Lil Nas X, DaBaby and the question of homophobia in hip hop
Lil Nas X is challenging what it means to be a hip-hop star — but was he really the first?
Love him or hate him, the one thing you can't say about Lil Nas X — or his music — is that he's boring.
That's because the 22-year-old rapper's music perpetually challenges the genres it inhabits. His early 2019 smash-hit Old Town Road broke down barriers on what constitutes country music, its intersection with rap, and what kind of voices are heard.
And as the song steadily rose up the Billboard country charts (before being disqualified for not fitting the genre), it prompted a re-evaluation of the industry.
Now Lil Nas X is grappling with even more challenging — and insidious — issues.
Performing openly and proudly gay music as a male pop star is a rarity in the industry, and Lil Nas X is leading it through a reckoning with open displays of queer sexuality, kicking up controversy not unlike what female pop stars — from Britney Spears to Nicki Minaj — have faced in the past for their videos.
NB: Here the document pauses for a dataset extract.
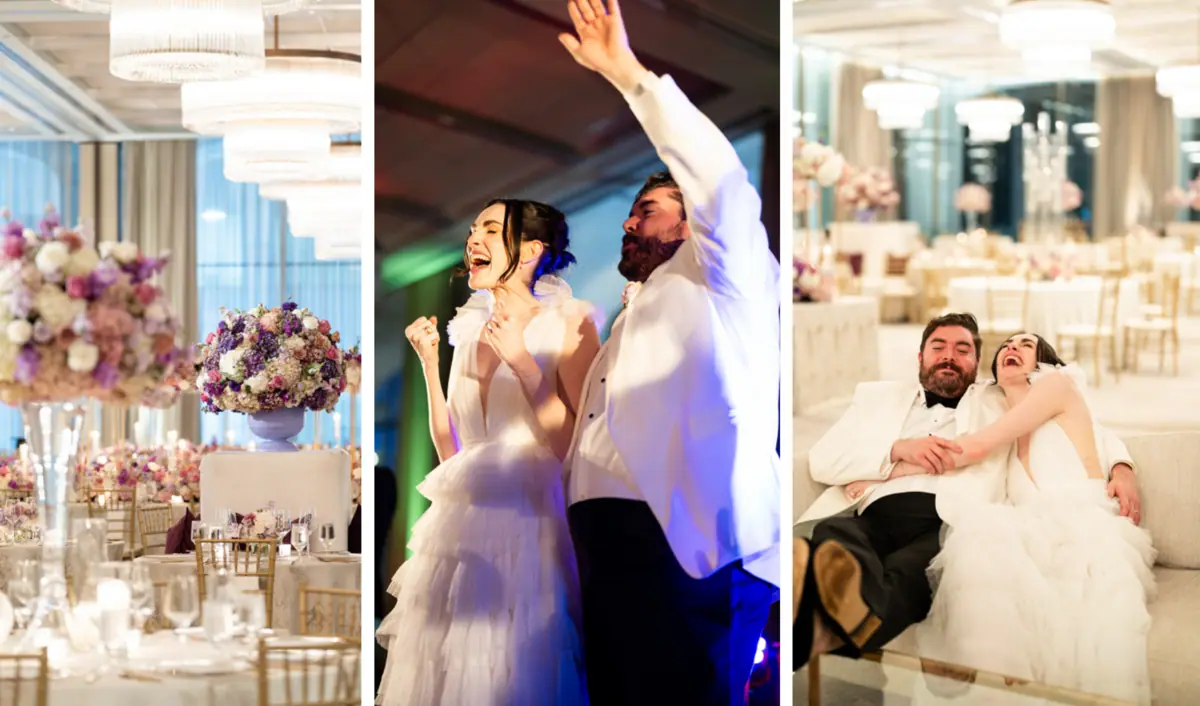 Dallas Wedding Planner and Wedding Florist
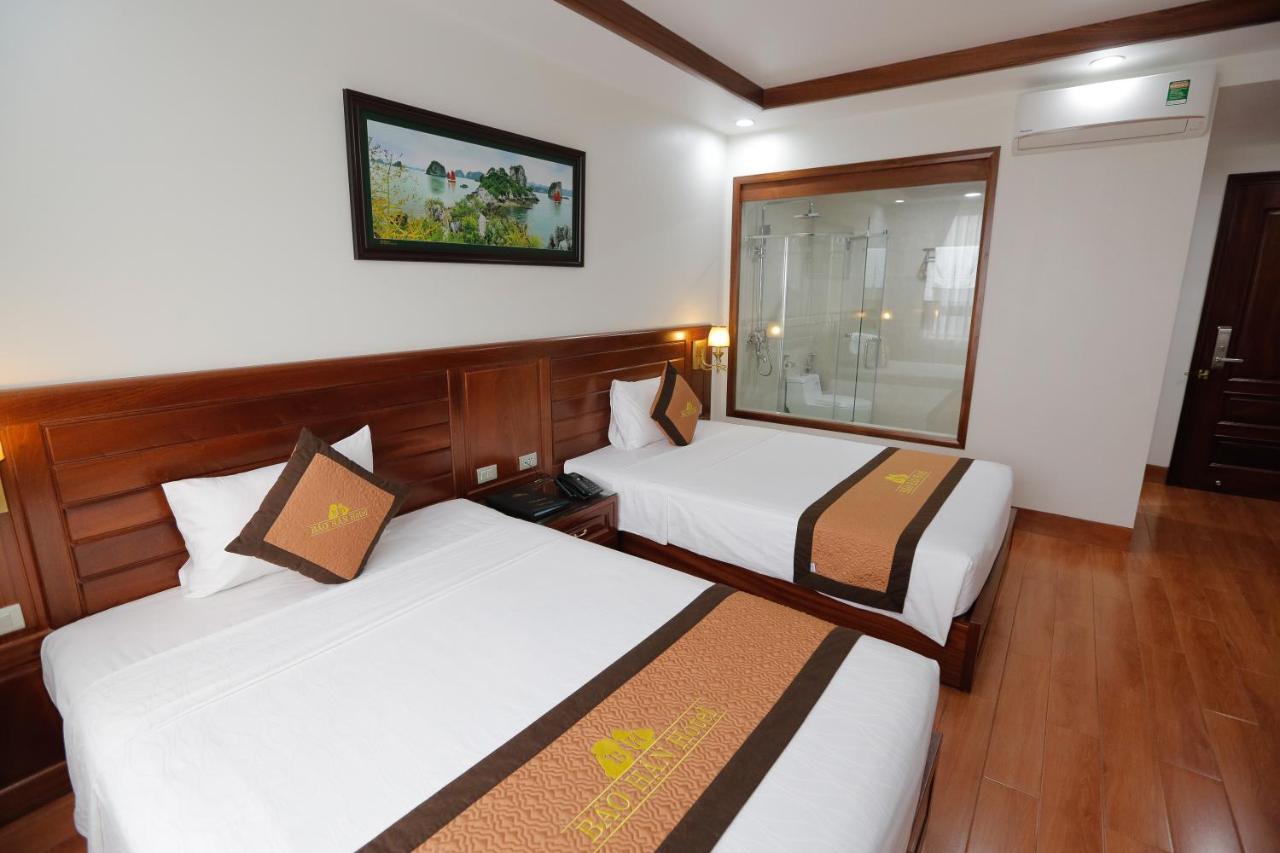 Bao Han Hotel Ha Long Esterno foto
At the same time, some LGBT musicians argue that solely focusing on Lil Nas X as making hip hop more inclusive is both unfair to him and ignores the work that a litany of other queer artists have done in the genre for years — in the face of serious adversity.
"Hip hop, like a lot of Western popular culture, is steeped in traditional ideas of gender and sexuality," said Spencer Kornhaber, a pop culture and music writer for The Atlantic. "And so it's not traditionally been a super-friendly place for queer expression and for queer people."
While these issues are not new, they've come to a head in recent weeks. Just two days after Lil Nas X released the music video for his provocative and defiantly open track Industry Baby, fellow rapper DaBaby made homophobic comments on stage at a Miami music festival, igniting a firestorm of criticism.
Though he has since made a number of apologies, DaBaby has seen a massive fallout — a rare consequence for the genre — and has been dropped by both business partners and festival lineups.
And though neither artist mentioned the other, the two have become immediately and intractably linked, as supporters and detractors of each rapper invoke the other in their arguments.
"In the last few weeks, you've seen all the different ways that someone like Nas is disruptive to a bunch of old ideas and assumptions and hierarchies," Kornhaber said. "You see people really explaining all the different reasons they have to, honestly, fear someone like him."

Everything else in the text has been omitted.